— Aim of the task —
A precise copy of the data is required, with every picture left out.
[Information shown — start]
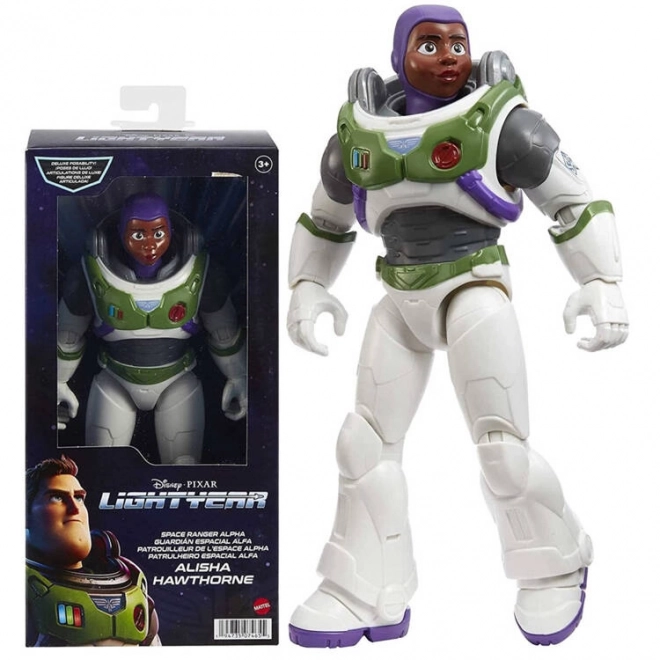 Mattel Spielfigur Alisha Hawthorne aus Lightyear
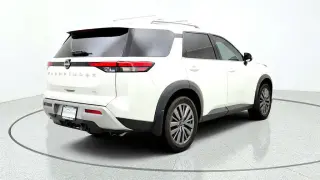 Nissan Pathfinder 2024 SL 4dr SUV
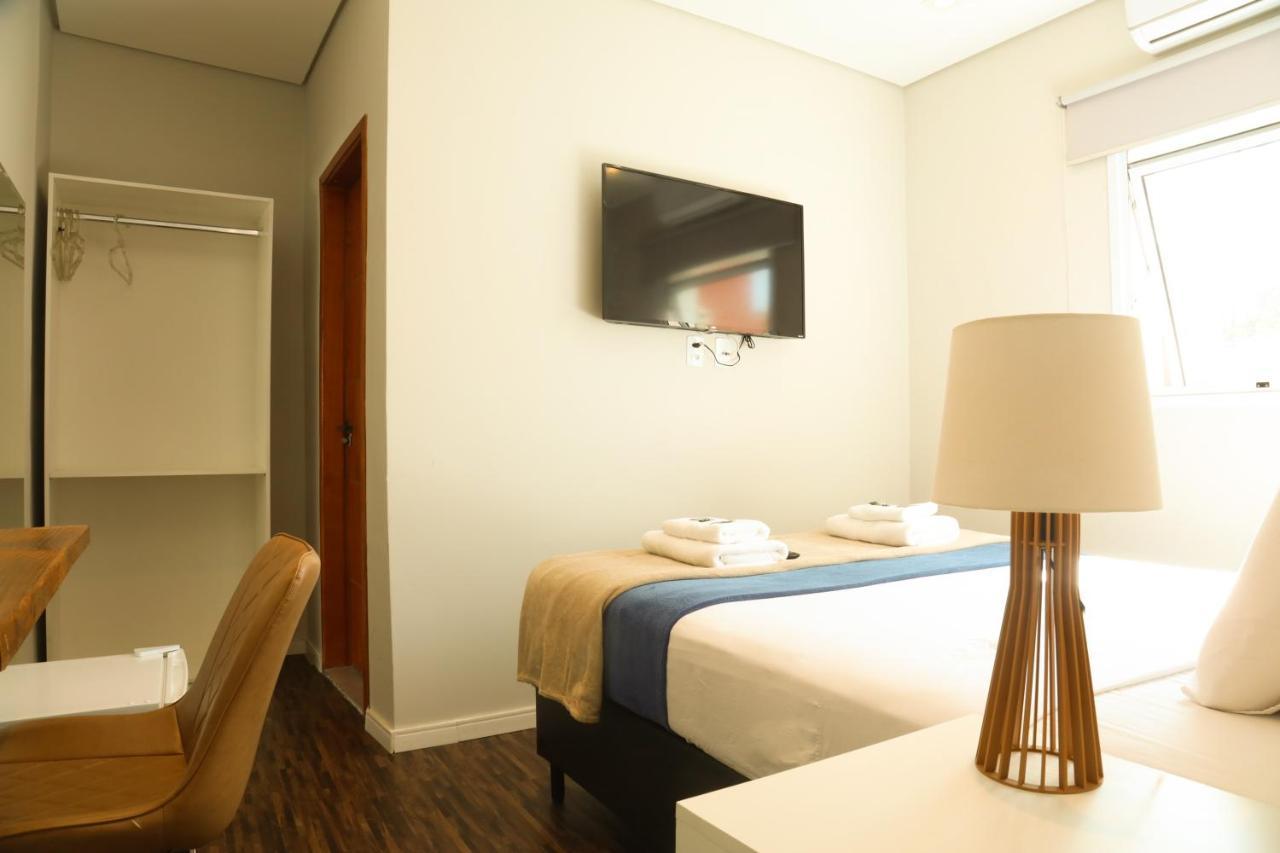 Goodstay Sao Paulo Ibirapuera Exterior photo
[Information shown — finish]
— Final answer —
 Mattel Spielfigur Alisha Hawthorne aus Lightyear
 Nissan Pathfinder 2024 SL 4dr SUV
 Goodstay Sao Paulo Ibirapuera Exterior photo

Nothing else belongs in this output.